Mapping Black Media Outlets
In December 2020, we released an interactive map and directory of hundreds of U.S. media outlets primarily serving Black communities across the diaspora. They include newspapers, digital startups that cover niche topics, radio stations, nonprofit newsrooms and more.
Border Network on the Map
We launched an interactive map and directory in September 2020 of more than 50 media outlets along the U.S.-Mexico border. The outlets range from local newspapers and decades-old community radio stations to innovative digital news services and new multimedia platforms.
The News Agenda of Latino Media in the U.S.

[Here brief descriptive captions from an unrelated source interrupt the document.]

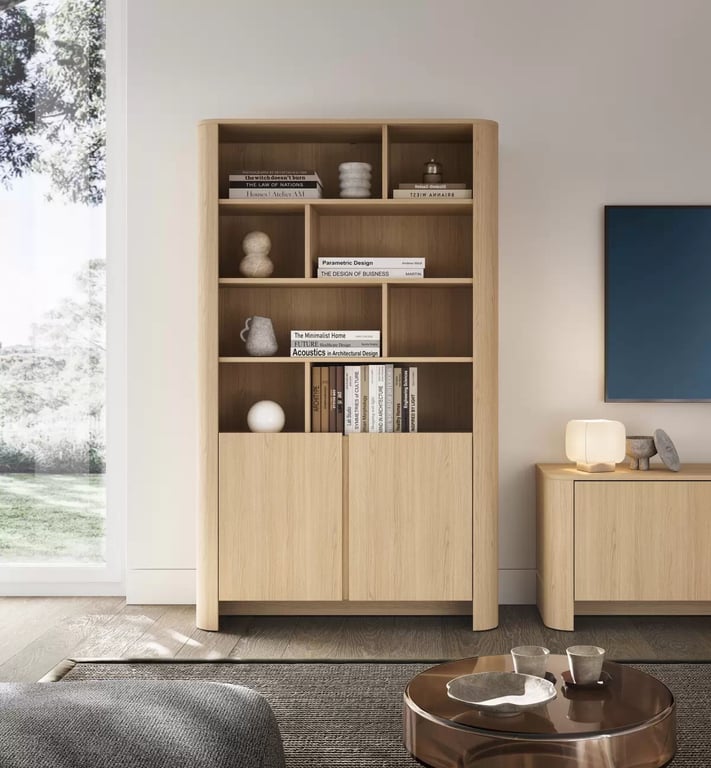 Regál Sorrenti 103 cm - dub vicenza Regál Sorrenti 103 cm - Dub vicenza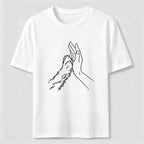 Dog High Five Classic T-Shirt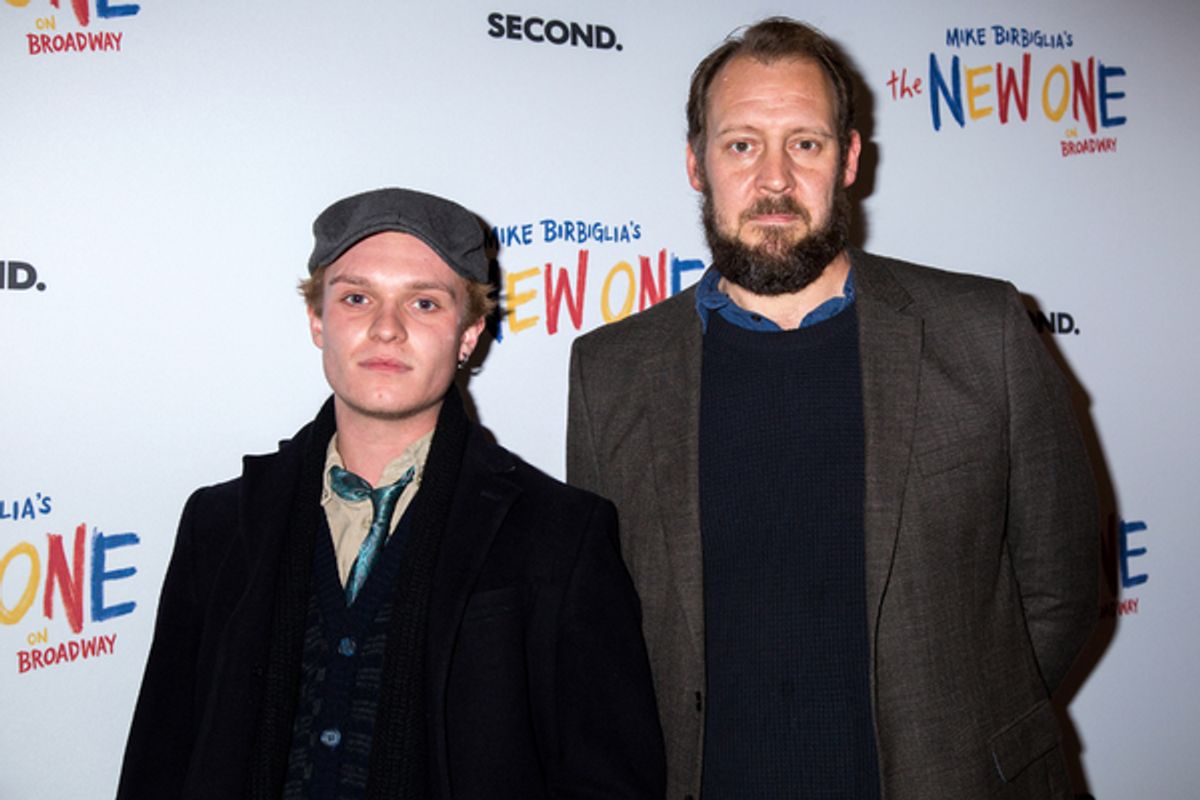 Tom Glynn-Carney, Justin Edwards at 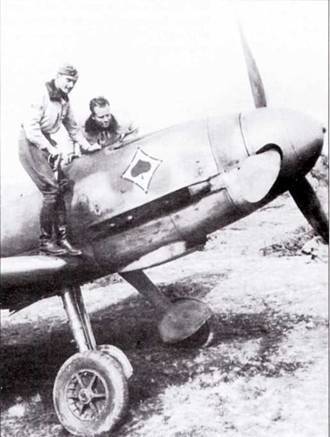 Истребители Люфтваффе в небе СССР. Операция «Барбаросса» июнь – декабрь 1941 г. - pic_117.jpg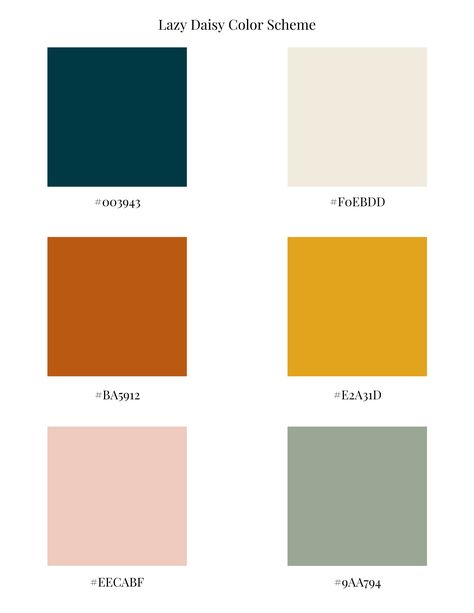 Orange Green Color Palette Interior, Mustard Color Palette Bedrooms, Sunroom Color Palette, Eclectic Paint Palette, Clay And Navy Color Palette, Terracotta And Navy Kitchen, Orange Terracotta Color Palettes, Blue And Terra Cotta Color Palettes, Mustard Complementary Colors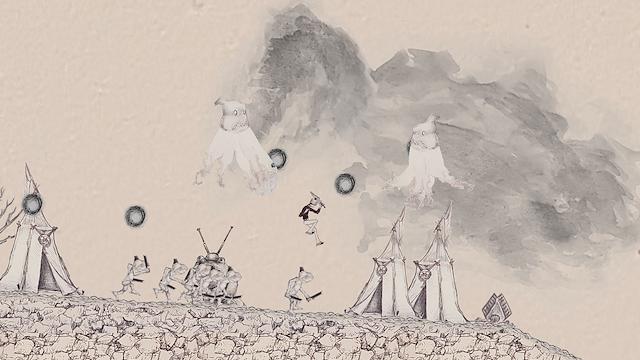 Image for the game Nib, the Pen is Mightier AS a Sword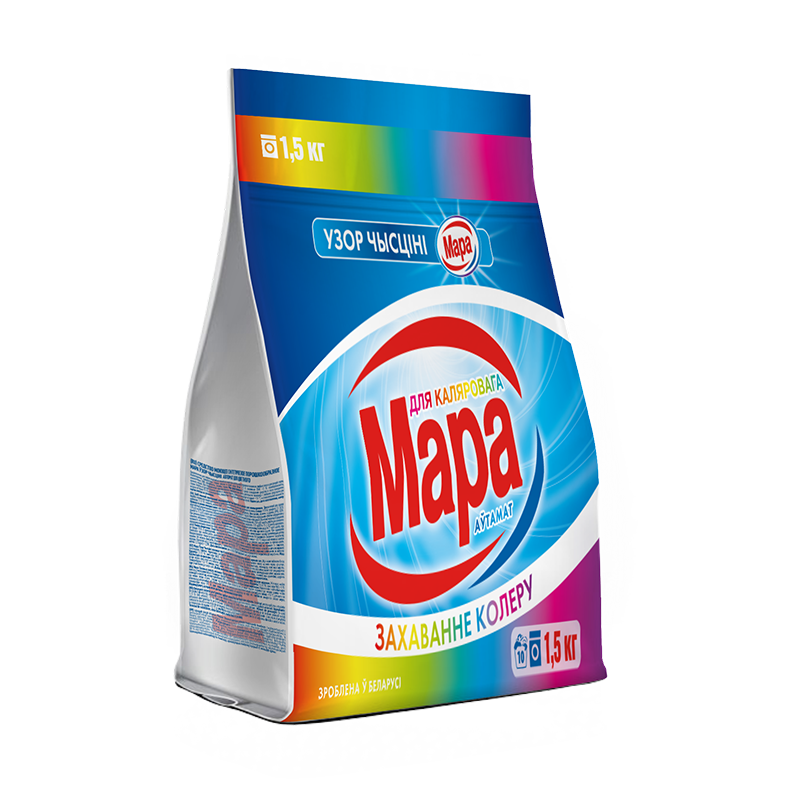 Мара Ўзор Чысціні автомат для цветного 1.5 кг(1.5*8*45)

The News Agenda of Latino Media in the U.S. report, released in August 2020 and available in Spanish and English, analyzes 667,247 news stories in 41 outlets from the Spanish-language media in the U.S. These articles, which span the first three years of the Trump administration, were collected by the monitoring and analysis tool Media Cloud. The research examines how the media sector covered issues of interest to Latinos and how the outlets portrayed immigrants, as well as other topics including the use of particular terms by the media and differences between coverage by local and national outlets.
This report is the second phase of The State of Latino News Media, an analysis published in June 2019 that gave an initial snapshot of the Spanish-language media in the U.S. and included a directory and map.
Digital First Responders: How Innovative News Outlets are Meeting the Needs of Immigrant Communities
In June 2020, CCM released “Digital First Responders: How Innovative News Outlets are Meeting the Needs of Immigrant Communities,” a yearlong study of media organizations that use technological platforms to inform their communities and diversify their means of sustainability. The 50 outlets in the database – 17 of which are profiled in-depth – serve audiences from indigenous farmworkers to Punjabi truck drivers. They livestream protests on Facebook, quash disinformation on WeChat, broadcast to an international audience from a home basement, and field pandemic questions in four languages.
These outlets not only play a crucial public service role for immigrants, they tell the stories of communities rarely covered in the so-called mainstream media while also serving as models of growth and innovation.
The State of Latino News Media
In June 2019 “The State of Latino News Media” was published.
This pioneering research includes a map and analysis of the news media outlets serving the Latino population in the United States including Puerto Rico. The report includes a directory and first-of-a-kind, interactive map of more than 600 Latino news media outlets. The map remains a critical asset for the public by providing free access to data on Latino news outlets across the country.
The next steps in CCM’s research will encompass studies on media outlets serving Black and immigrant communities across the United States.
New York City’s Ethnic Media in the Digital Age
On Dec. 8, 2016, the Center released a study about the opportunities and challenges that publishing in the digital age has presented to New York City’s “ethnic” media.
The report offers a detailed look at how this sector of the NYC media is adopting technological innovations, incorporating new communication technologies into everyday professional practices, and how to address these challenges from these innovations successfully.
Getting the Word Out Or Not: How and Where New York City Advertises
Our first significant research piece was a 2013 report by the Center which found that New York City government agencies spent a mere 18 percent of their advertising dollars with community publications whose combined circulation was about 4.5 million, or 55 percent of the city’s population.
CCM will be reviewing more updated data to understand how city advertising in community media has evolved since the 2013 report was issued.